Classification of Lithium ion battery models Investigating the scientific literature regarding the modelling of lithium ion batteries behaviour it is found that different models have been already created and used for the different interdisciplinary sciences that a battery system operation is based on. The different types of models existing can be separated mainly by the different issues and phenomena the model should investigate. In Table 1 the different model types have been separated in:

-

Electrochemical models Electrical models Thermal models Mechanical/Fatigue models Interdisciplinary models

The electrochemical and electrical models will be discussed further in this paper, giving a special attention to the electrical models. Thermal models are used to investigate the thermal behaviour of the battery during different states. They are mainly compose of Equivalent Circuit Models using thermal electrical components to simulate the thermal behaviour of the battery while there is also pure thermal models that are based solely of theoretical and mathematical knowledge. Mechanical/Fatigue models are used to investigate the real physical constrains that the battery is undergoing during its usage. Interdisciplinary models are models that combine the different main modelling categories to simulate a wide range of phenomena e.g. thermoelectrochemical, Thermo-Mechanical.

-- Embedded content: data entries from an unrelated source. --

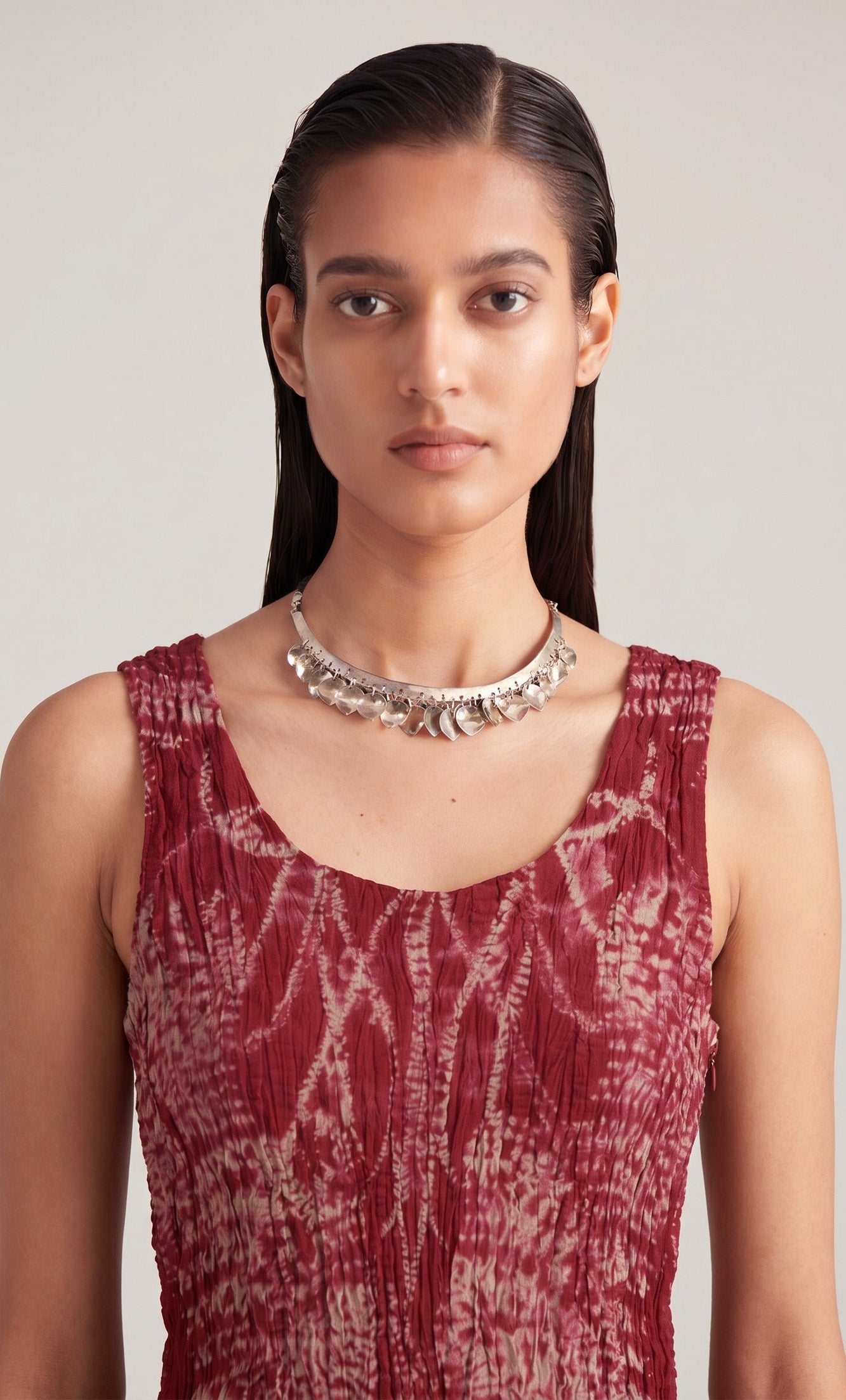 CRIMSON SHIBORI MOTIF CAMISOLE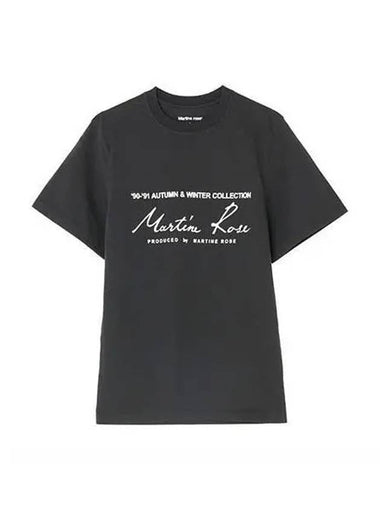 T shirt logo lettering short sleeve black - MARTINE ROSE - BALAAN 1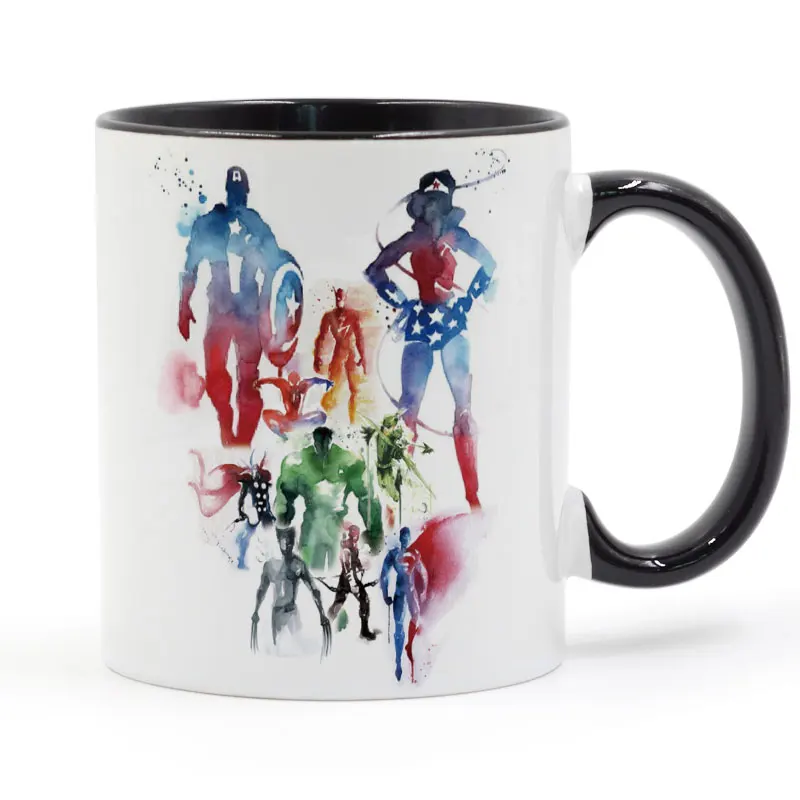 Чернильная кофейная кружка супергероя керамическая чашка 11 унций|decorative mugs|superhero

The latter category of models are combinations of models thus creating additional parameters and results to be investigate which increases the accuracy while the simulation time of the model. When modelling the behaviour of a physical system it is possible to identify three main general model categories. Depending on the method how the inputs are related to the outputs of the model they can be categorize in: empirical, physical and semi-empirical models [20]. In Table 1 the different models existing for the each model types are classified based on this exact approach..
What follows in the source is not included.